Work task: Only the lines from the one with "Tunjungan Surabaya Disewakan" through the final line below belong in the answer, copied exactly and without pictures.

--- Exercise data Enclosed Below ---

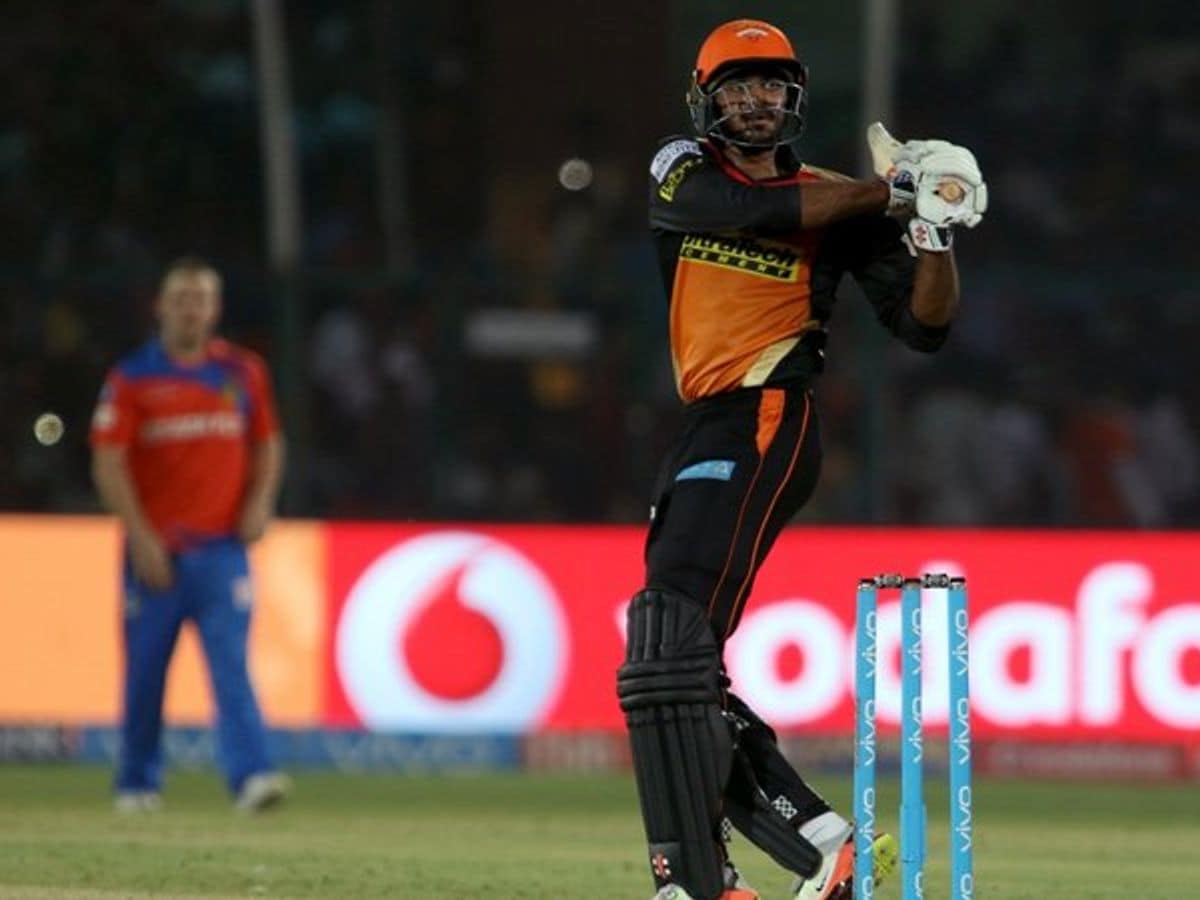  ಯಾವುದಾದರೂ ಒಂದು ರೀತಿಯಲ್ಲಿ ತಮ್ಮ ಹೆಸರು ಕೂಡ ದಾಖಲೆ ಪಟ್ಟಿಯಲ್ಲಿರಬೇಕು ಎಂದು ಬಯಸಿದ್ದರು. ಅಂತಹದೊಂದು ದಾಖಲೆಯನ್ನು ಕೂಡ ಅವರು ಮುಂದುವರೆಸಿದ್ದರು. ಅದು ಐಪಿಎಲ್​ ಸೀಸನ್​-13ನಲ್ಲಿ ನಡೆದ ಆರ್​ಸಿಬಿ ವಿರುದ್ಧದ ಪಂದ್ಯದ ತನಕ ಮಾತ್ರ.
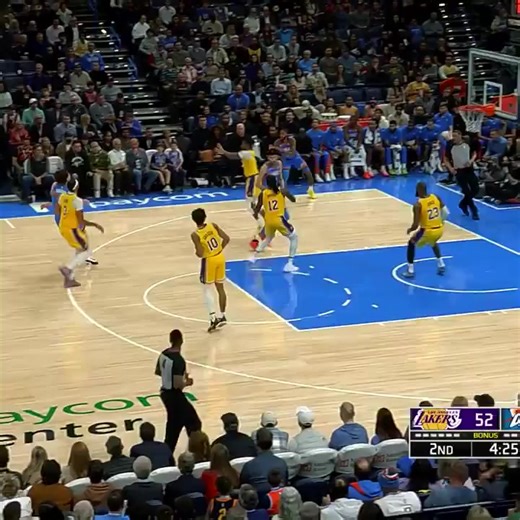 Tremendo donqueo de LeBron James. Los Lakers pierden por 16 puntos ante los Thunder. | El Vacilon de la NBA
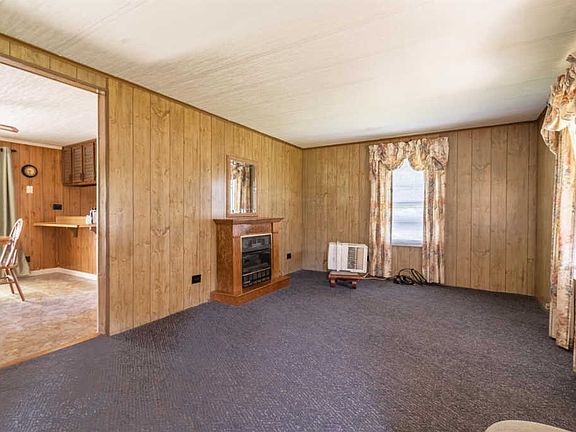 3rd image of 84 Crow Hill Ln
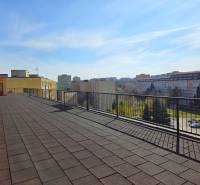 Predaj - 3 izbový byt,  69 m2, balkón,  ul.ČSA, KE - Staré Mesto - Pohľad na rozľahlú terasu v Košiciach, mestskej časti Staré Mesto na ulici ČSA.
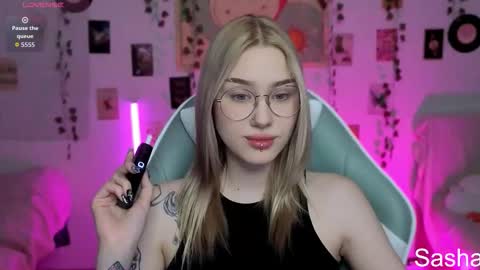 Snapshot of _kitekat_ chatting on 8, 11, 2025 _kitekat_ online show from 8, 11, 2025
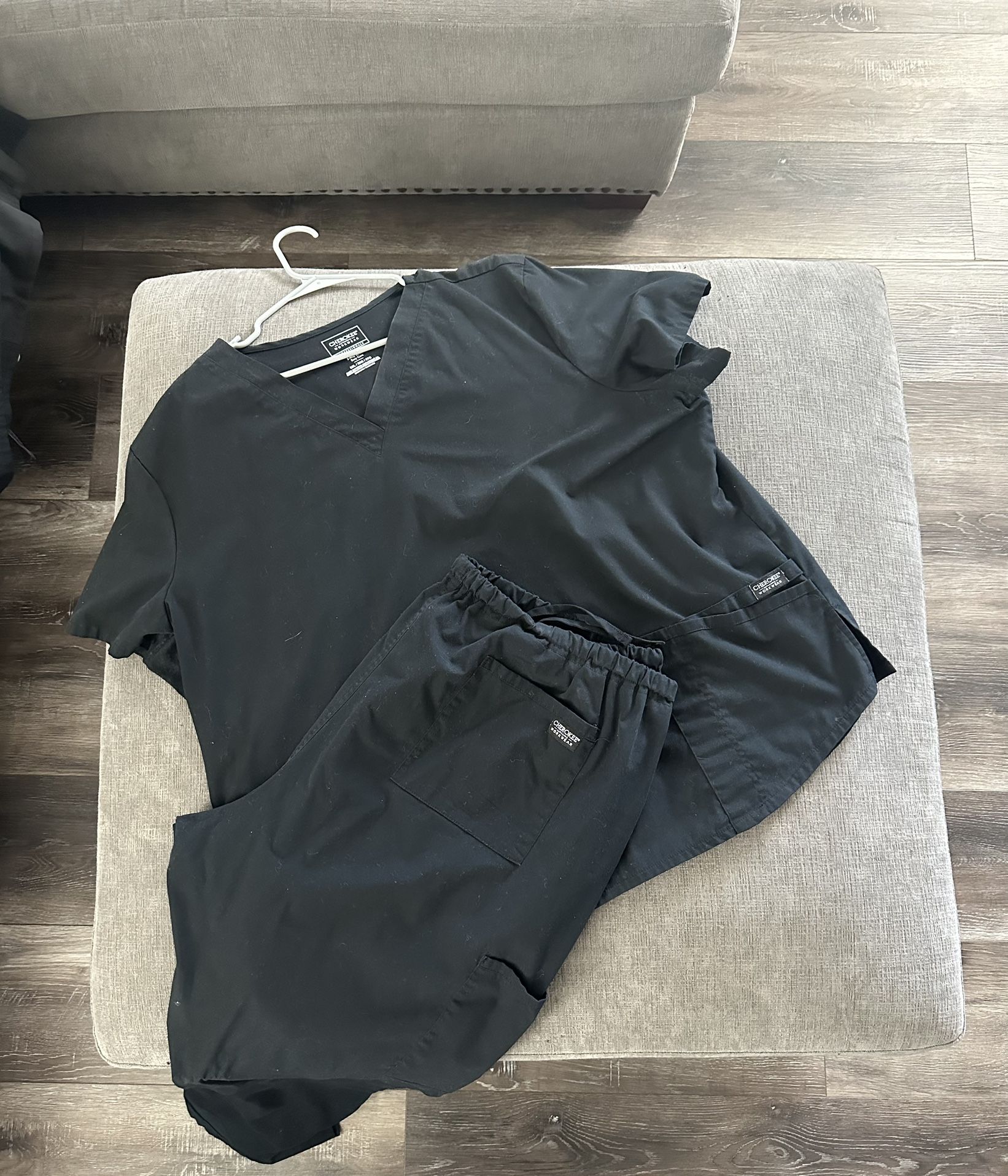 Cherokee Scrub Set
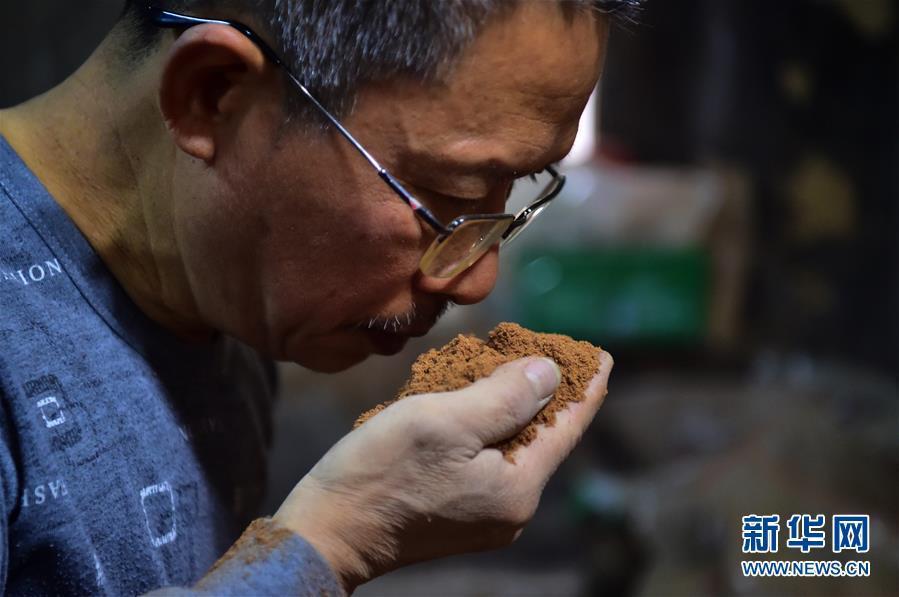 أحفاد التجار العرب يصنعون البخور فى تشيوانتشو منذ 300 سنة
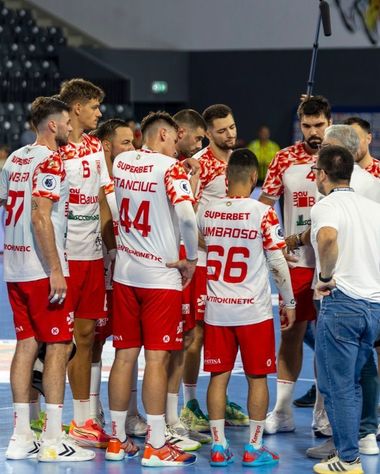 Handbal masculin: Campioana Dinamo Bucureşti pierde la mare luptă cu Veszprem HC, în grupa A a Ligii Campionilor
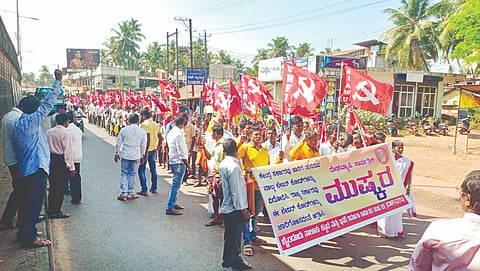 ಬೈಂದೂರಿನ ಆಡಳಿತ ಸೌಧ ಎದುರು ಗುರುವಾರ ಕಟ್ಟಡ ಕಾರ್ಮಿಕರು ಪ್ರತಿಭಟನೆ ನಡೆಸಿದರು. ರಾಜೀವ್ ಪಡುಕೋಣೆ, ಗಣೇಶ್ ತೊಂಡೆಮಕ್ಕಿ, ಶೀಲಾವತಿ ಇತರರು ಇದ್ದರು.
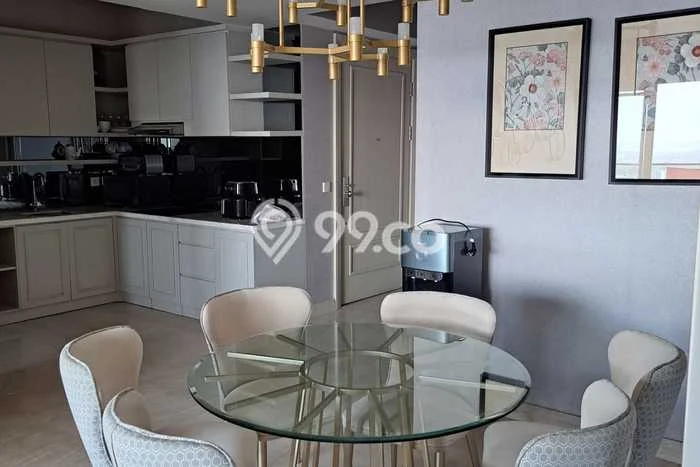 Disewakan Apartemen Ekonomis 3 BR di Tunjungan Surabaya Disewakan Apartemen Ekonomis 3 BR di Tunjungan Surabaya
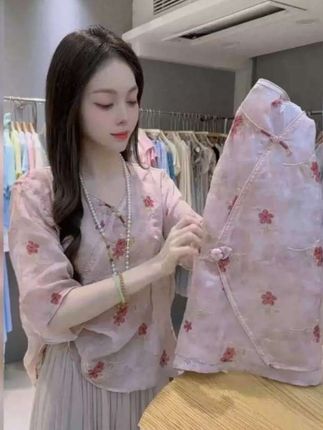 #穿出自己的风格#初秋一周不重样穿搭#新中式穿搭 #一场酣畅淋漓的秋装大开箱#单依纯琥珀系长裙气场拉满@巨量千川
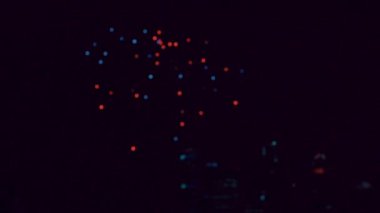 Gece gökyüzünde havai fişekler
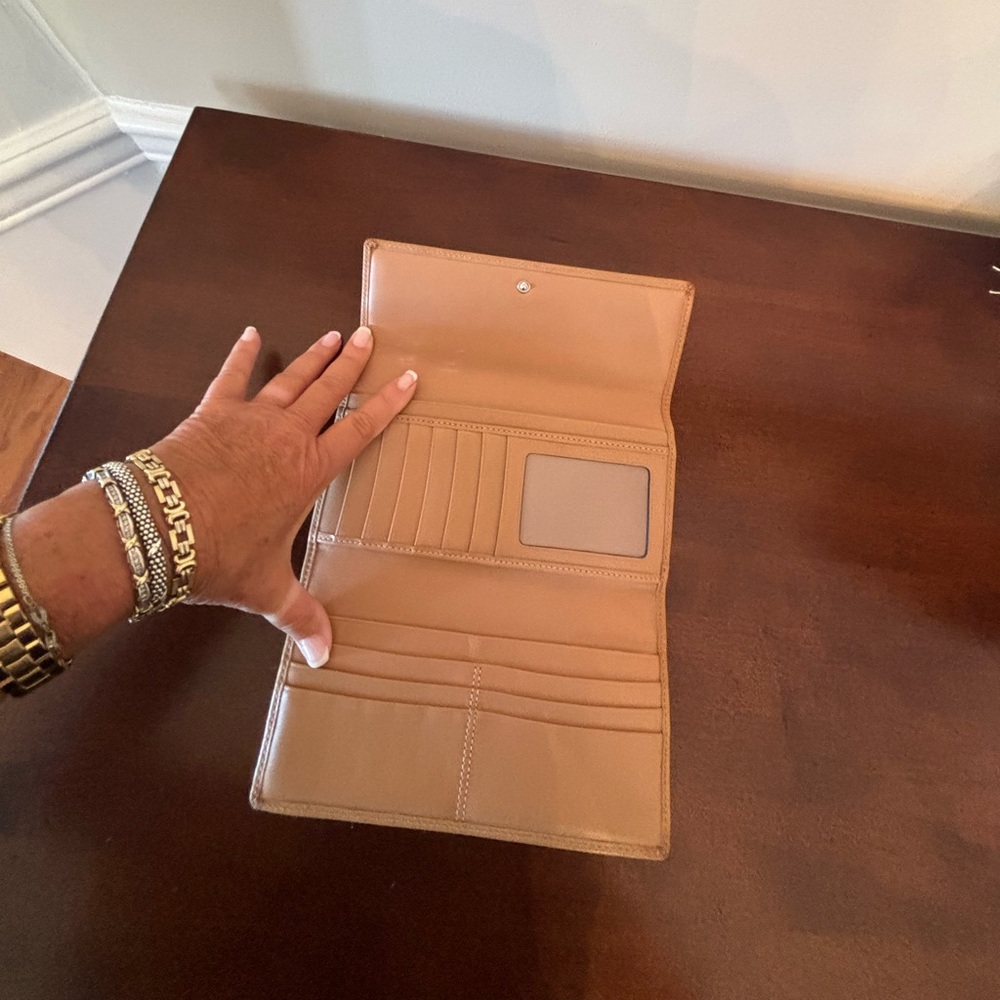 COACH Vintage Snap Closure Tri-Fold Wallet - Picture 7 of 12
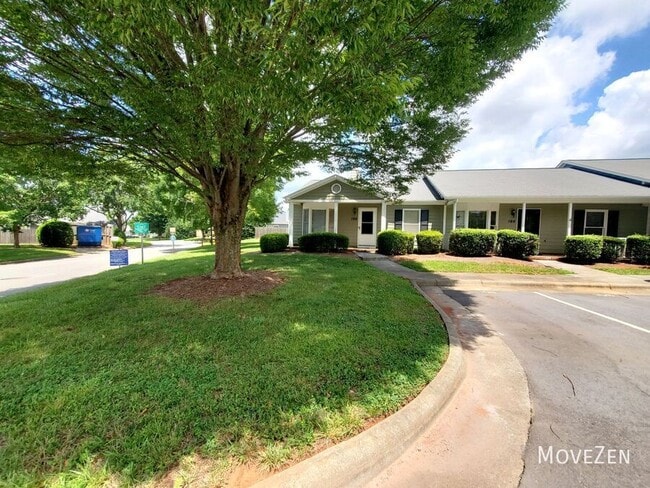 Building Photo - 814 Guilford College Rd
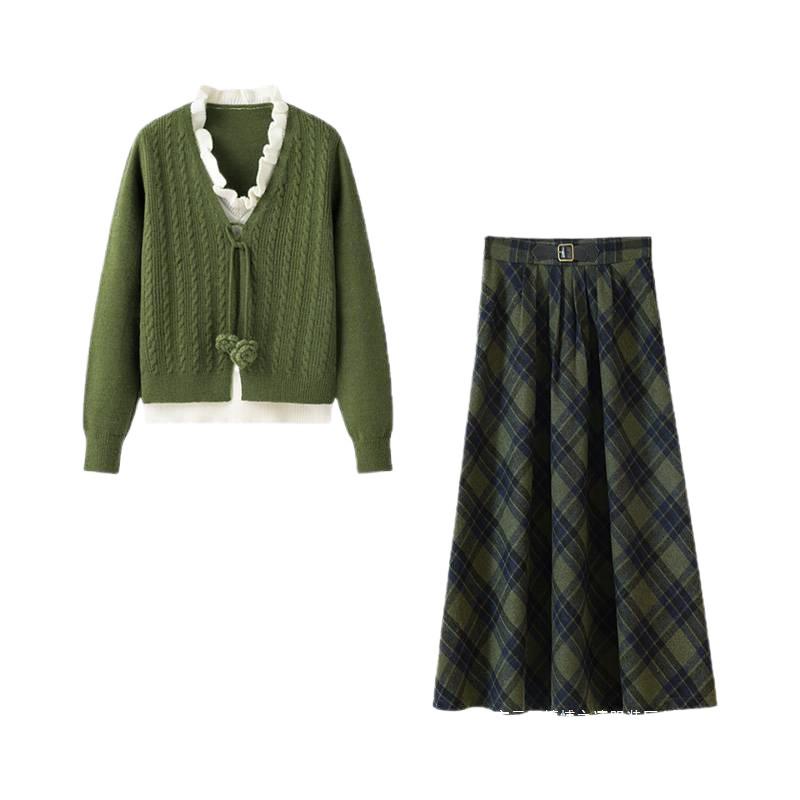 Green Knitted Plaid Sweater Dress - Women's Korean Style Petite Outfit for Spring and Autumn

--- End of Enclosed Exercise data ---

Answer box:
 Disewakan Apartemen Ekonomis 3 BR di Tunjungan Surabaya Disewakan Apartemen Ekonomis 3 BR di Tunjungan Surabaya
 #穿出自己的风格#初秋一周不重样穿搭#新中式穿搭 #一场酣畅淋漓的秋装大开箱#单依纯琥珀系长裙气场拉满@巨量千川
 Gece gökyüzünde havai fişekler
 COACH Vintage Snap Closure Tri-Fold Wallet - Picture 7 of 12
 Building Photo - 814 Guilford College Rd
 Green Knitted Plaid Sweater Dress - Women's Korean Style Petite Outfit for Spring and Autumn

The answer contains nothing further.